Problem description:
Look below for the line with "Taiwan Heart Taiwanese" and the line with "vidaXL Garden Cushion"; repeat exactly those two lines and all lines between them, but no pictures.

START Source data

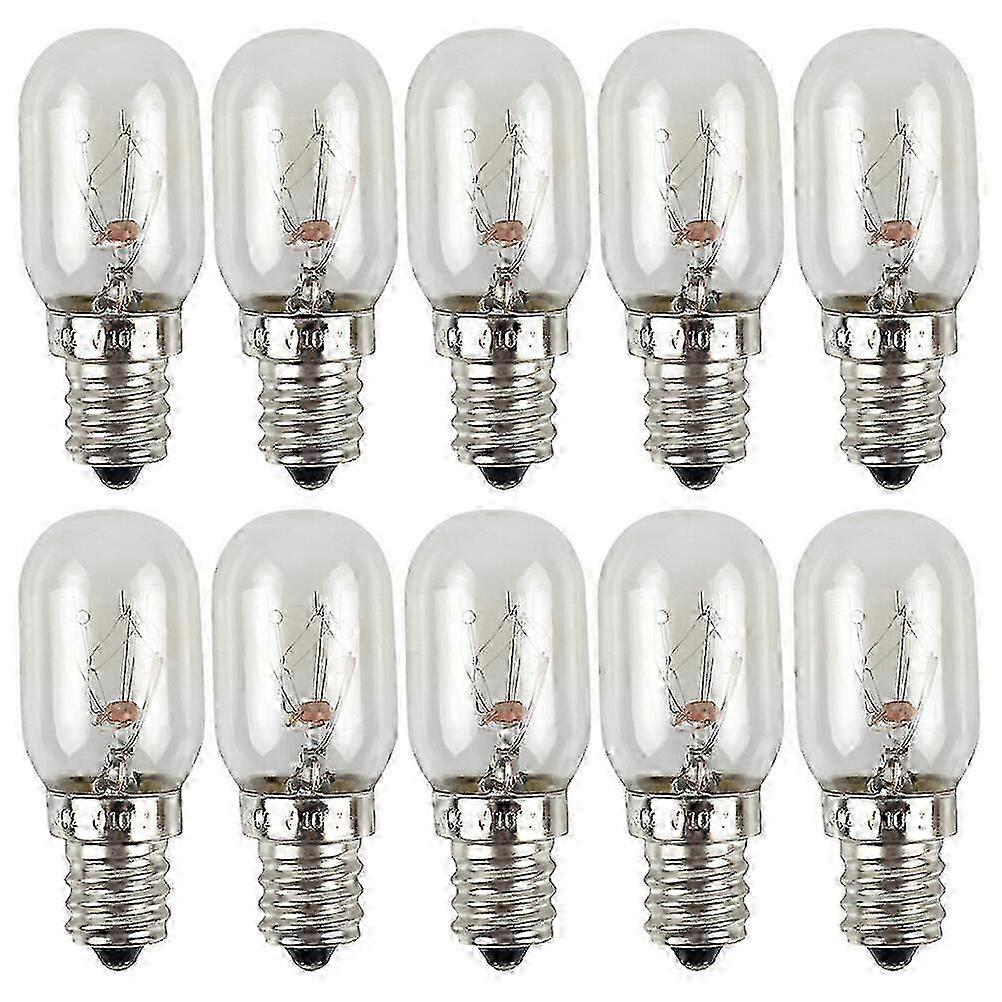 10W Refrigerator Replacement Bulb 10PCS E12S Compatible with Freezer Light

END Source data
START Source data

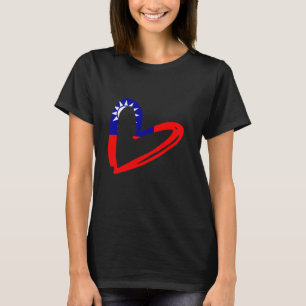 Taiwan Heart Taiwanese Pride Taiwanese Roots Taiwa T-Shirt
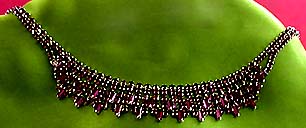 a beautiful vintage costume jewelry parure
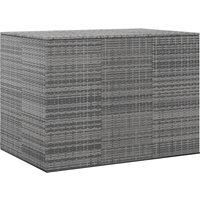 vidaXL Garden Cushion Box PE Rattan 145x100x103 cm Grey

END Source data

Task answer:
 Taiwan Heart Taiwanese Pride Taiwanese Roots Taiwa T-Shirt
 a beautiful vintage costume jewelry parure
 vidaXL Garden Cushion Box PE Rattan 145x100x103 cm Grey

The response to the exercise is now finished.